The annual march, which started at 36th Street and Fifth Avenue, ends in the West Village.
The NYC Pride March started in 1970 as a civil rights demonstration on the 1-year anniversary of the Stonewall Uprising.
Today, it is one of the world's best-known LGBT events, with 350 marching contingents and more than 2 million spectators in 2016.
This year's theme, "We Are Proud," speaks to the LGBT community's unwavering ability to rise and be proud, even in the face of the existing political environment.
The American Civil Liberties Union, Brooke Guinan (trans woman, FDNY firefighter), Krishna Stone (Director of Community Relations, GMHC), and Geng Le (Founder, Blued) helmed 2017's iconic March.
The march in New York and other cities are spotlighting resistance to what participants see as new pressure on gay rights while contending with the prospect of protests over the events' own diversity and direction.
In a year when leaders are anxious about President Donald Trump's agenda, both the New York and San Francisco events were headed by groups more focused on protest than celebration.
In New York, grand marshals - including the American Civil Liberties Union - were chosen to represent facets of a "resistance movement."
LGBT activists have been galled by the Trump administration's rollback of federal guidance advising school districts to let transgender students use the bathrooms and locker rooms of their choice.

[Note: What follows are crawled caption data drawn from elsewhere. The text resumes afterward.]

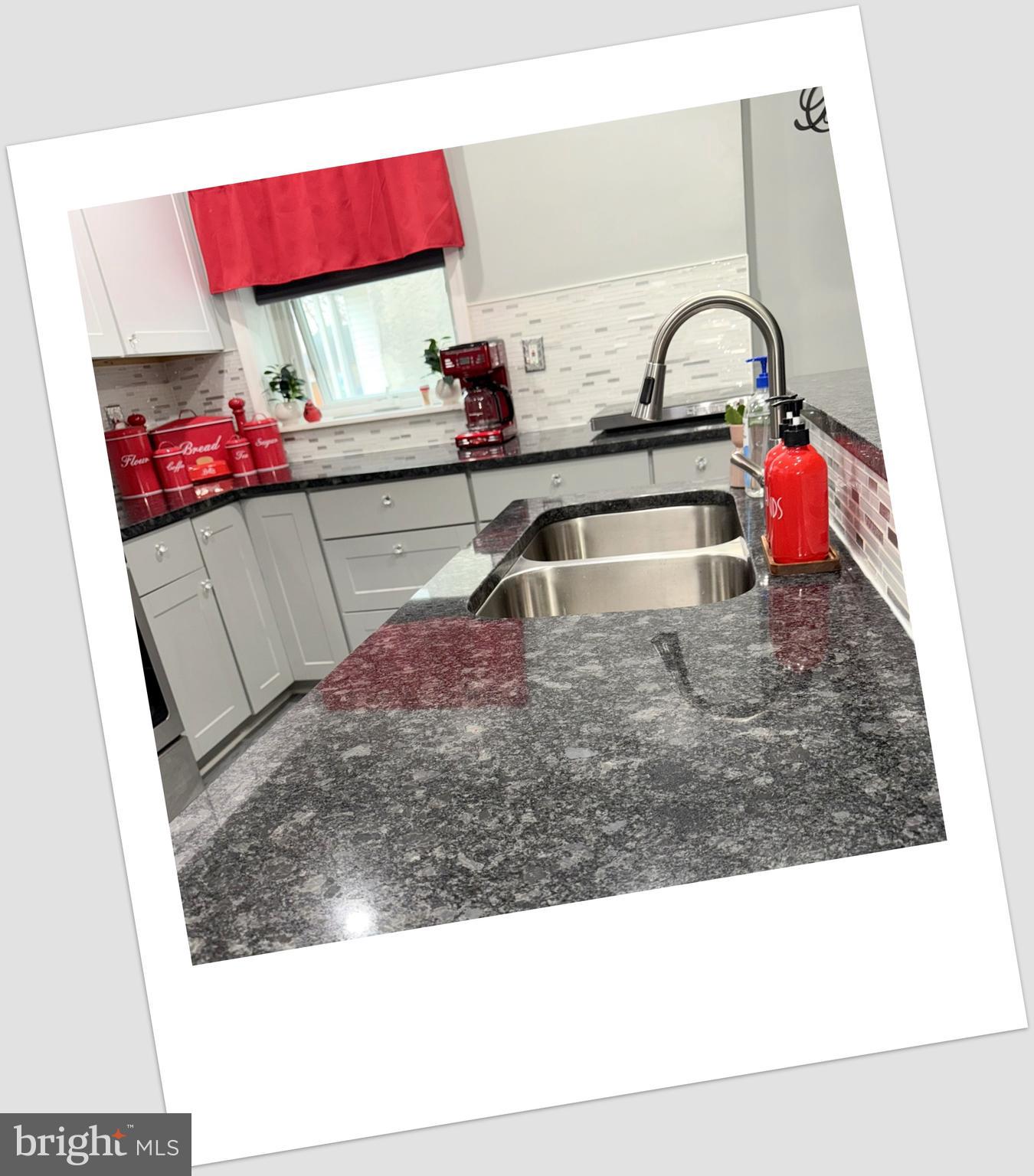 325 East 20th Street Chester, PA 19013 - Photo 11 of 40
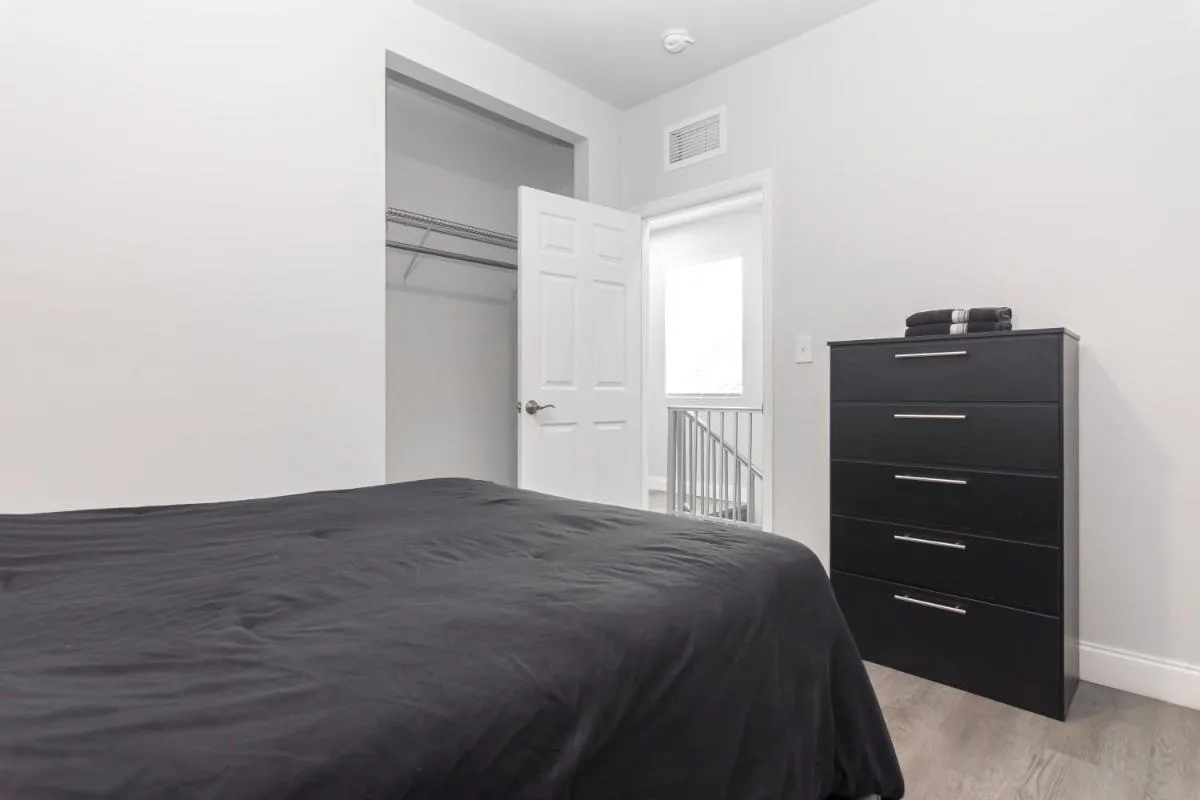 Image 6 of New Bright & Modern Townhome Centrally Located!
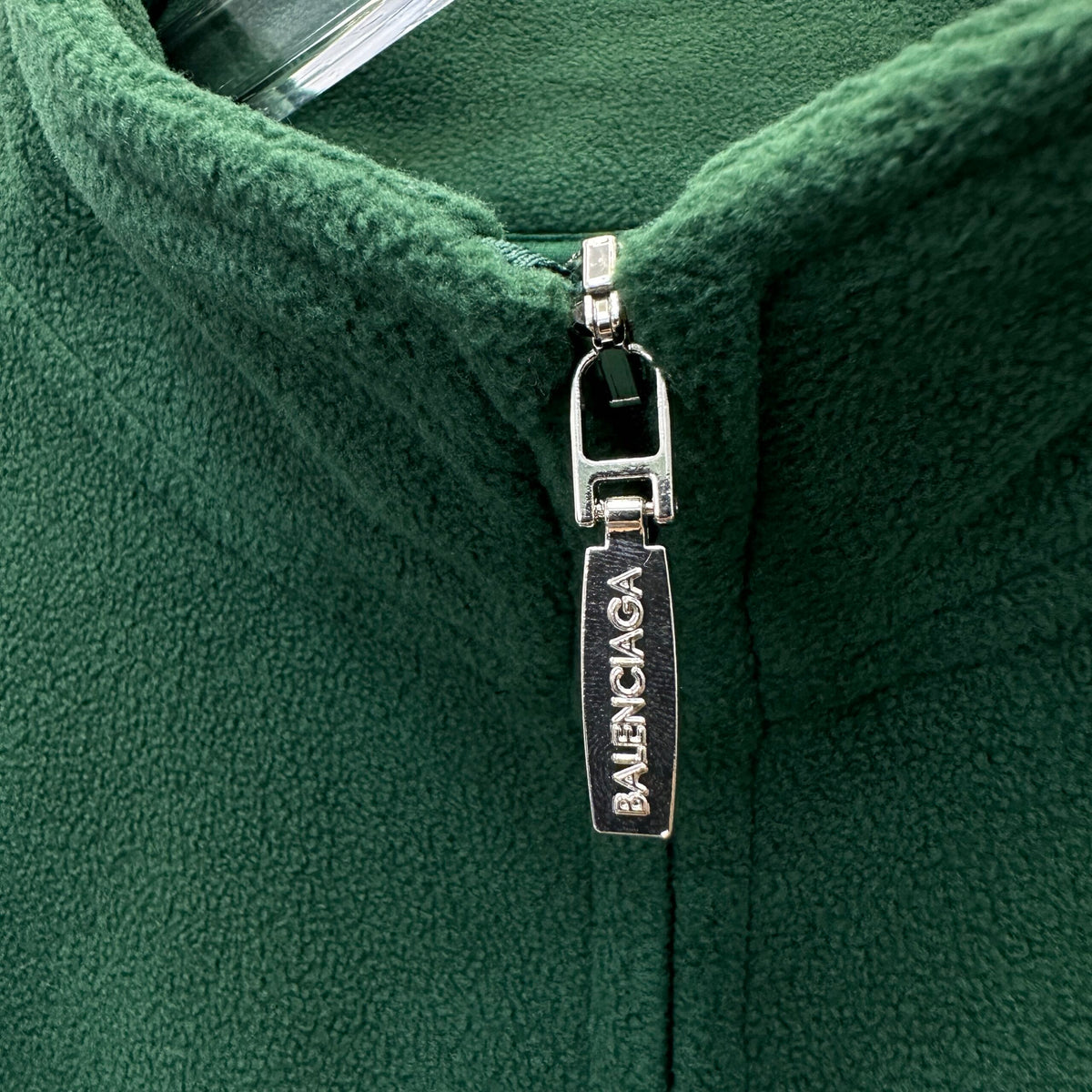 Balenciaga Exclusive Clothing - prezentare produs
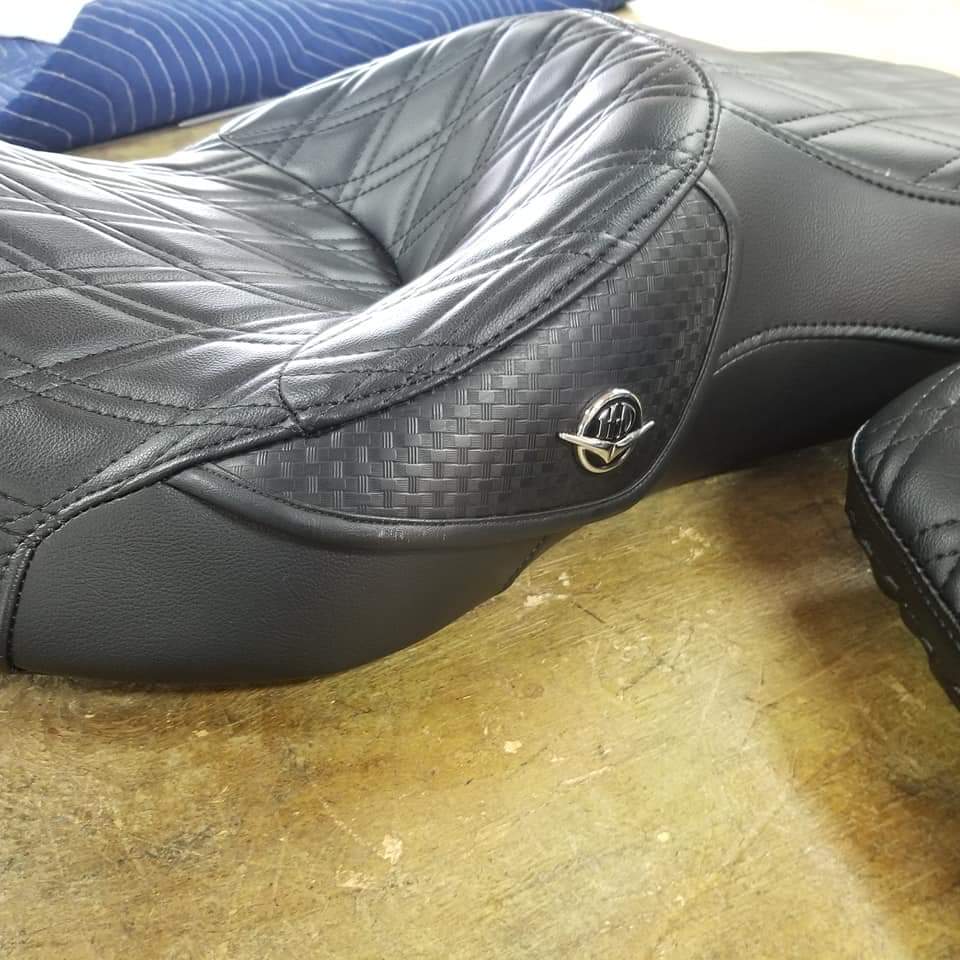 Auto upholstery service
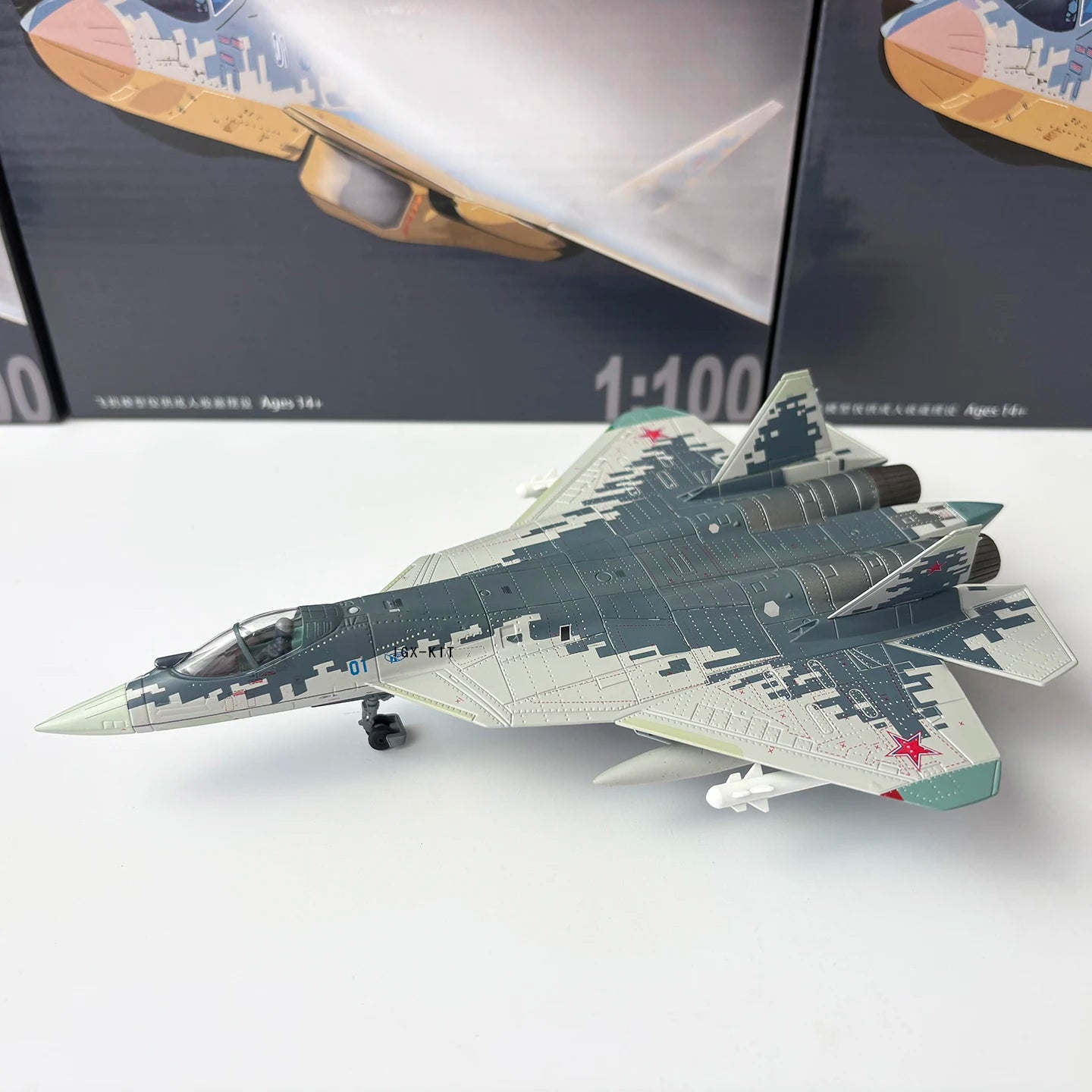 1/100 Scale Russian Air Force SU57 Stealth Fighter Model SU-57 01# Aircraft Metal Plane Aircraft Model Gift Display Ornament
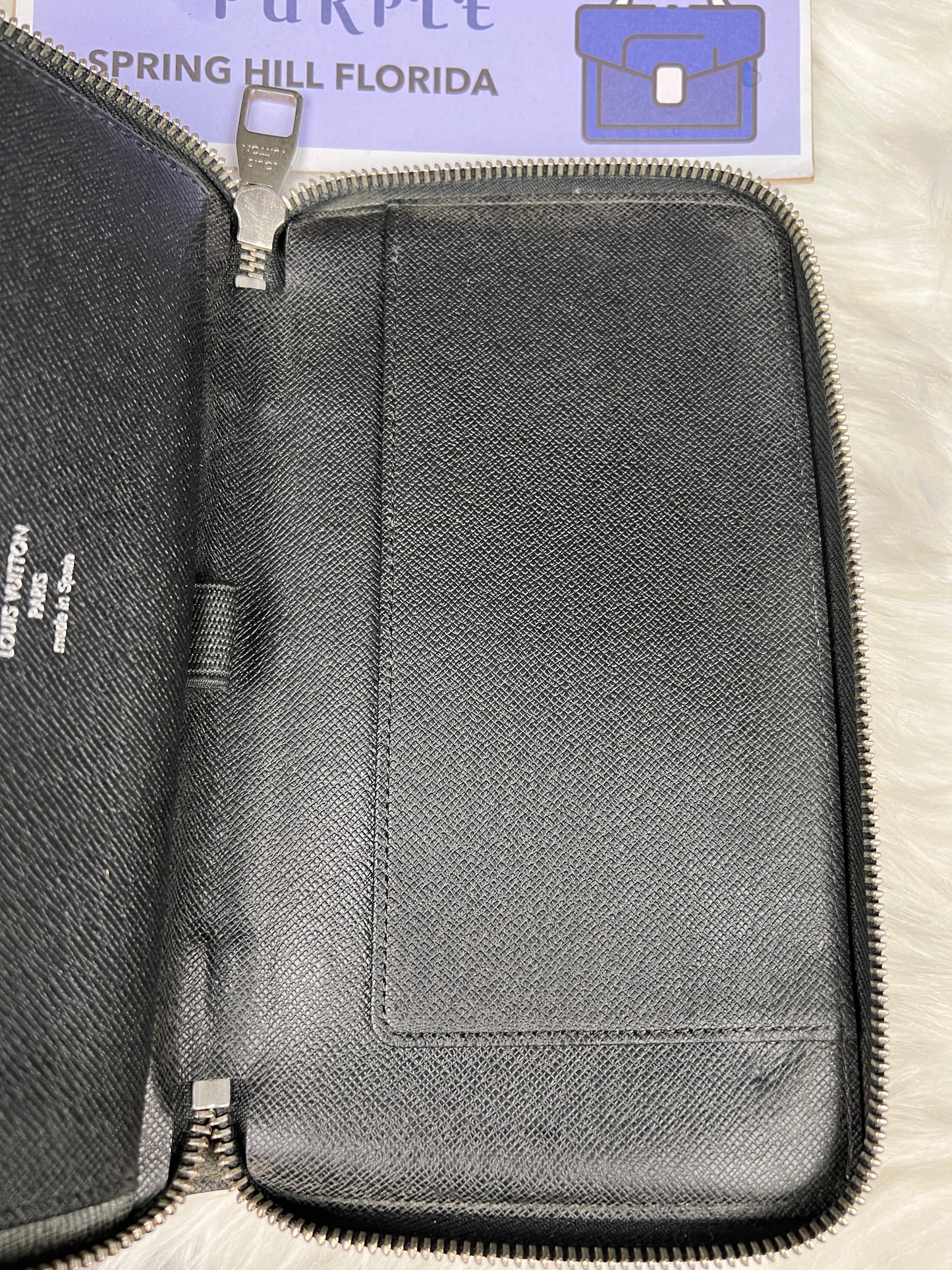 GRAPHITE ZIPPY WALLET ORGANIZER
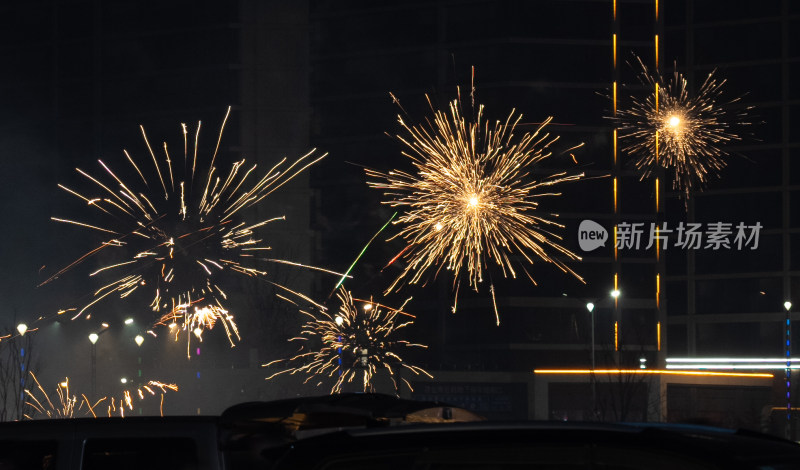 夜空下绚烂多彩的烟花绽放景象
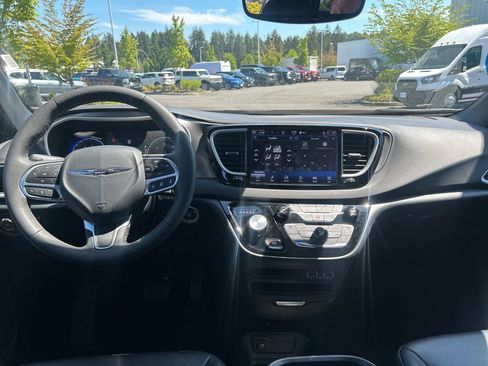 Used 2025 Chrysler Pacifica Select FWD image 16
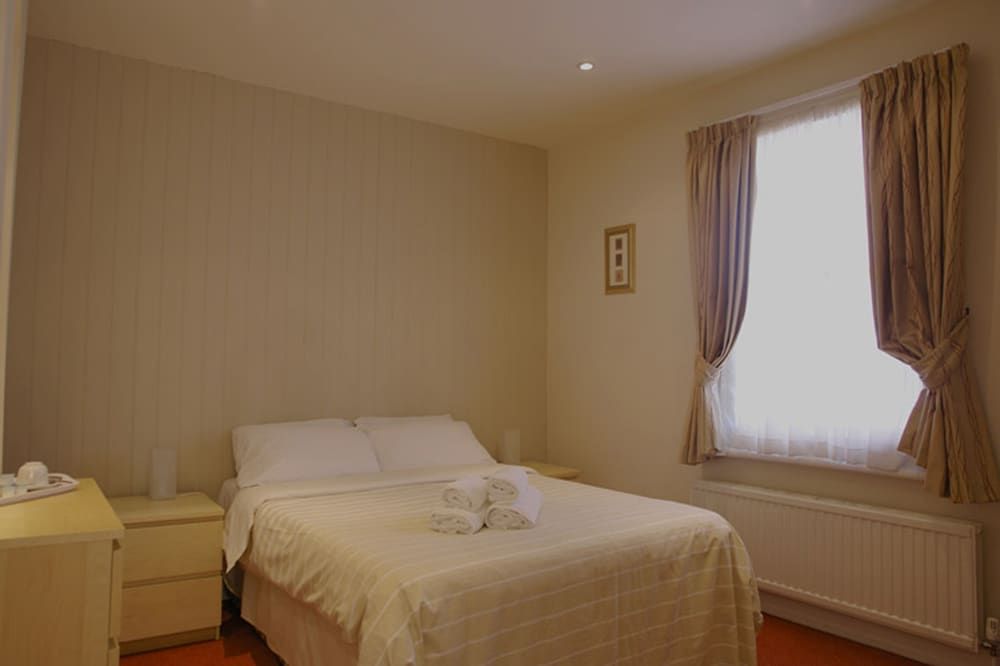 The Moon and Sixpence 3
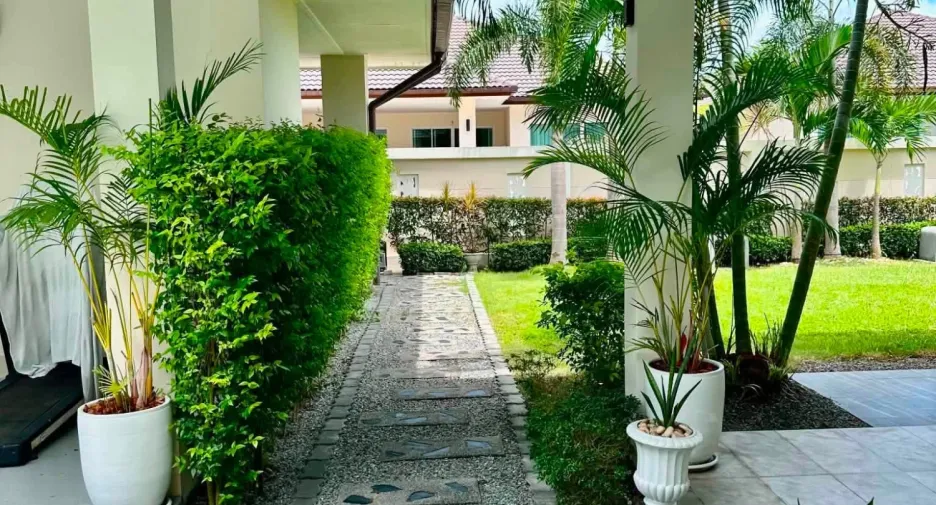 Villa zum Kauf mit 6 Zimmer in Huay Yai, Pattaya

The Republican president also broke from Democratic predecessor Barack Obama's practice of issuing a proclamation in honor of Pride Month.
A few attendees wore "Make America Gay Again" hats, while one group walking silently in the parade wore "Black Lives Matter" shirts as they held up signs with a fist and with a rainbow background, a symbol for gay pride.
Still, others protested potential cuts to heath care benefits, declaring that "Healthcare is an LGBT issue."
Revelers started to line up early Sunday for the march, waving rainbow flags. Kendall Bermudez, 21, from New Jersey, said she thought people might be afraid to come out this year.
"But I think with all these people here, they're going to show we're fighting back and we're proud of who we are," she said. "I think we're going to overcome it and show Trump who's boss, well, who's the real boss."
Earlier Sunday, New York Gov. Andrew Cuomo said the state would continue to lead the way on equality - and Washington would eventually listen.
He said the state is "at the spearhead of the movement for social justice for the LGBT community."
Cuomo, a Democrat, was speaking Sunday at a ceremony that formally appointed Paul G. Feinman to the New York Court of Appeals, the state's highest court. Feinman is the first openly gay judge to hold the position.